Photo courtesy of the chapter.
Last year our SPS chapter at Sacramento State initiated a transformative and community-focused partnership with the Sacramento Children’s Museum (SCM). The program is a unique collaboration between university students, faculty, and a local nonprofit organization dedicated to early childhood education.
Recognizing the importance of early exposure to STEM, our SPS chapter worked with SCM leadership and faculty mentors to develop a program that empowers Sacramento State physics students to design and build interactive science exhibits for children ages 3 to 8. These exhibits aim to introduce basic scientific principles through tactile, visual, and experiential learning—ensuring that complex ideas like gravity, motion, and magnetism are accessible and fun.
To kick off the initiative, SPS members toured the museum, engaged with education coordinators, and collected feedback on existing exhibits. Then, over the semester, our student teams used this input to brainstorm and prototype new exhibit concepts, many of which were grounded in mechanics and electromagnetism. These ideas were workshopped during SPS meetings, tested in the lab, and reviewed in collaboration with museum staff for safety, accessibility, and educational value.

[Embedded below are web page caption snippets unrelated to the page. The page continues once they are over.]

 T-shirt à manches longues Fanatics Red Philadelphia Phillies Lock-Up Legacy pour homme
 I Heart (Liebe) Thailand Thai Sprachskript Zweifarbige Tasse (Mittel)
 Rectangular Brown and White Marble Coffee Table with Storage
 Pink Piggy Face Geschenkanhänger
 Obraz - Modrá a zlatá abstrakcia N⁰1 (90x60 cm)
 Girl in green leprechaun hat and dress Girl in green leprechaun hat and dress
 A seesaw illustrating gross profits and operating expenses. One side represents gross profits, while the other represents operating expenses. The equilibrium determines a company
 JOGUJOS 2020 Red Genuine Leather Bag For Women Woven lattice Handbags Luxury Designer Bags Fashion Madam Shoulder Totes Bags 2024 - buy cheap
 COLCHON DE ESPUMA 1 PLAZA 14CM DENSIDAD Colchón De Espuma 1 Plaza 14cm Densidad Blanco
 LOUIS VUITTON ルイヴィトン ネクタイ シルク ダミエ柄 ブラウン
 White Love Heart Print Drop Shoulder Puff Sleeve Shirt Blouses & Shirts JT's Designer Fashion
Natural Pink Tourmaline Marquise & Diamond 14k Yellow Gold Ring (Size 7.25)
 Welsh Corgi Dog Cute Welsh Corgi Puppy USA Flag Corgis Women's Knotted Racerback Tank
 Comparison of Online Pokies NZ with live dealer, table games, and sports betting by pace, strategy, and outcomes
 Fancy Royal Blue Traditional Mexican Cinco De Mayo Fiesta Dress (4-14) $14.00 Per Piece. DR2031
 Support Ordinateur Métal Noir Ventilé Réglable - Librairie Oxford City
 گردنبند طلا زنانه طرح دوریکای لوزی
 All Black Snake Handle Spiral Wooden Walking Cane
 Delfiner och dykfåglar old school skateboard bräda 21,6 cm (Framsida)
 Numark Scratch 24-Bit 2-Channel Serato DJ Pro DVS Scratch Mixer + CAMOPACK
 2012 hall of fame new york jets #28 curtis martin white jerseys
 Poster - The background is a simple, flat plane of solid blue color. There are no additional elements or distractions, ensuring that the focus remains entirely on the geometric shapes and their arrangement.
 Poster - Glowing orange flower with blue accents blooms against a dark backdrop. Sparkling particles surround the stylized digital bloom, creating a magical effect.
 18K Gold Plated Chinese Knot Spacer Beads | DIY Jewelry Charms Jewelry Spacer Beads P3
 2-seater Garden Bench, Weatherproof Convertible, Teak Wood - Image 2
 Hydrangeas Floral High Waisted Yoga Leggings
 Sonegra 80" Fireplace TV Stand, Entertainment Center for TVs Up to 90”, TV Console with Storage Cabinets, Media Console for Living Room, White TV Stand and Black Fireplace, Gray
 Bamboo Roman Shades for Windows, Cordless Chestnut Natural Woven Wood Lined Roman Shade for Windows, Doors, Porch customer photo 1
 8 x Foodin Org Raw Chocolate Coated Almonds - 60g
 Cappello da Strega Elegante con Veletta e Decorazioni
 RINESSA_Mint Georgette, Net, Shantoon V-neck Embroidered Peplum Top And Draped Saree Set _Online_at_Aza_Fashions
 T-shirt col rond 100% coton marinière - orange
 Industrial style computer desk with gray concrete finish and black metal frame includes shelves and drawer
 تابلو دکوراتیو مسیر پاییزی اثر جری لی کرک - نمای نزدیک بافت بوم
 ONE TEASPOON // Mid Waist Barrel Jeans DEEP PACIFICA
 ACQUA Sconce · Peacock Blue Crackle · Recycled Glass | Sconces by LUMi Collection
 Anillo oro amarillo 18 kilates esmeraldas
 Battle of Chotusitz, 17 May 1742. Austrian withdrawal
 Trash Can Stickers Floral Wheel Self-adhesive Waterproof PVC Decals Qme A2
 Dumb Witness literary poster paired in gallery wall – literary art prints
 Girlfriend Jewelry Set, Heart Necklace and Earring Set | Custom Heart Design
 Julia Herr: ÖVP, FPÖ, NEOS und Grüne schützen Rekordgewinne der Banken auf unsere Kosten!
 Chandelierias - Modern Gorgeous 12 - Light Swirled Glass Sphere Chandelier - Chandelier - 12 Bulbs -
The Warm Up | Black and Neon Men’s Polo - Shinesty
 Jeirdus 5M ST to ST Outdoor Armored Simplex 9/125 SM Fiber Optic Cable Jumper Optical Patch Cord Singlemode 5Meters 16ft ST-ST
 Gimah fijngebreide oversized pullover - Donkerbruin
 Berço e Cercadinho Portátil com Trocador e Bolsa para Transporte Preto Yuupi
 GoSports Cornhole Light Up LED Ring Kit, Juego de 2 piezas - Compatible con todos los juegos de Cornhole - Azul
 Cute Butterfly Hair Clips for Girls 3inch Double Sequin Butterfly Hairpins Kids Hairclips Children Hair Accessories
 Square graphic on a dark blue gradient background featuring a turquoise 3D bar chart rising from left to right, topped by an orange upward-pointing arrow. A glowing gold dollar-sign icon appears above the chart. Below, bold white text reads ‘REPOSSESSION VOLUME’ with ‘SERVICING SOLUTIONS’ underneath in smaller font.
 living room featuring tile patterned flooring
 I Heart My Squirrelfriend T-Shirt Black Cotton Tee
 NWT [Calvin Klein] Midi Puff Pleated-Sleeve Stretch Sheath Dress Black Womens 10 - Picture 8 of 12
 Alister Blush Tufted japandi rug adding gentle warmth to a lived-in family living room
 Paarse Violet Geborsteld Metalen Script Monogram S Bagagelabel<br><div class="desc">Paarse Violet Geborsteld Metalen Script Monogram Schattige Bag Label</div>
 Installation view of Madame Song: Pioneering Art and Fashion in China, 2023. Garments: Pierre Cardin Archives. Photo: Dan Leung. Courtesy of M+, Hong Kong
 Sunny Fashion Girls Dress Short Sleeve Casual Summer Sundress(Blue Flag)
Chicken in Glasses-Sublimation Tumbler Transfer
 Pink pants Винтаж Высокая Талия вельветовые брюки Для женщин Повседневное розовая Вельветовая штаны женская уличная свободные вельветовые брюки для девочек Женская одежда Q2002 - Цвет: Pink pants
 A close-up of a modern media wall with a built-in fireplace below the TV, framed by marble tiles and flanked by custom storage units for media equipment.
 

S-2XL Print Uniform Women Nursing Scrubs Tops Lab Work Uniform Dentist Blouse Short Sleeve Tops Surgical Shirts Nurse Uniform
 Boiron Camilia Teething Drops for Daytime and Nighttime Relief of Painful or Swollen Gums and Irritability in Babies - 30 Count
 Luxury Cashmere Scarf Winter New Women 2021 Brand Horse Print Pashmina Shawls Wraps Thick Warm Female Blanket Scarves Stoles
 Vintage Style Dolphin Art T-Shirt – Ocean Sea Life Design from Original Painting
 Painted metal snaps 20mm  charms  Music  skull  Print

What makes this initiative stand out is its mutual benefit:
- For the museum, it brings new and custom-built STEM content tailored to young learners.
- For our students, it offers hands-on design and fabrication experience, collaborative project development, and opportunities to practice science communication with the public.
- For the university, it deepens community engagement and highlights the practical, human impact of a physics education.
Beyond the educational value, this program also provides paid internships for students who commit to building and maintaining exhibits over time, giving Sacramento State students valuable workforce experience in science outreach, engineering, and education. The program is poised to continue growing into a permanent fixture of our department’s outreach, offering recurring opportunities for students in physics and beyond.
As a chapter, we are incredibly proud of this initiative—both for its ambition and reach and because it reflects the spirit of service, creativity, and scientific curiosity that defines SPS and Sigma Pi Sigma. It’s an enduring example of how physics students can make science fun, accessible, and meaningful to the next generation.